What does this brutal reshuffle tell us about Johnson’s premiership? As to be expected, loyalty is key rather than competence or integrity. We now have a Home Secretary who was sacked for holding secret meetings with Israeli ministers, and a Foreign Secretary who “hadn’t quite understood” how important the Dover-Calais crossing was to UK trade until very recently. The take-no-prisoners approach, careless as it is with the tiny Tory majority, also suggests that an early election is on the cards, particularly with strategist Cummings on staff.
Jo Swinson has put down an early day motion expressing no confidence in the PM, but Jeremy Corbyn must table the motion himself for it to be an official vote and Labour is unlikely to support the move now. Quite sensibly, too: the last thing the opposition should do is hand Johnson a victory on parliament’s return in September. Tory MPs need to see more from the Prime Minister before they consider bringing down their own government, and the threat of no deal must be looming larger than ever. John McDonnell told ITV’s Peston last night that the right time will be “when Boris comes back with something undeliverable”.
This is strategic planning, not intended to underestimate the urgency of the situation. Boris Johnson and his cabinet ministers are going to make people’s lives much worse very soon. As Novara Media’s Ash Sarkar noted in constructively critical tweets this morning, Corbyn isn’t currently present enough. He needs to make himself visible immediately. The Labour leader must capitalise on Johnson’s weaknesses – particularly his laziness – and work harder than ever, because we don’t get to play politics on easy mode.

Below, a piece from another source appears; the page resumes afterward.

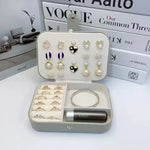 boîte bijoux portable velours beige cuir moderne boucles d'oreilles bagues colliers transparentes chic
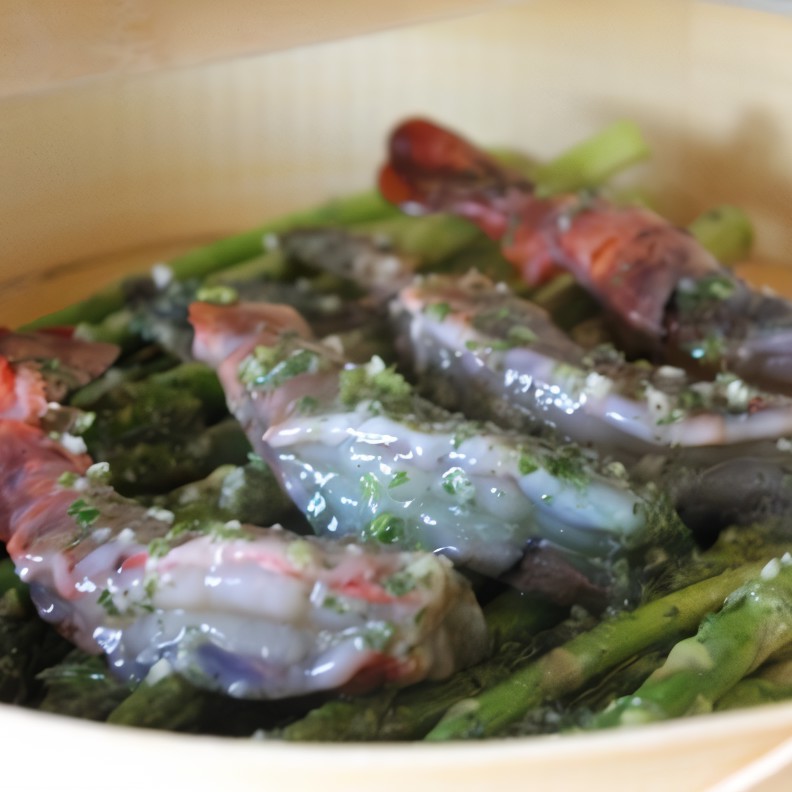 Креветки со спаржей и зеленым маслом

The new Prime Minister will be shameless. He will, as Simon Fletcher puts it, “obfuscate, avoid accountability, brazenly steal policies and close down as many attack lines as he can to defend his position”. It’s time for the left to identify its biggest enemy as the man in No10 and adopt the campaign mindset that so excited activists in 2017. A good start for members on the ground is in Johnson’s own marginal seat, where Labour candidate Ali Milani is aiming to unseat a Prime Minister for the first time since 1906.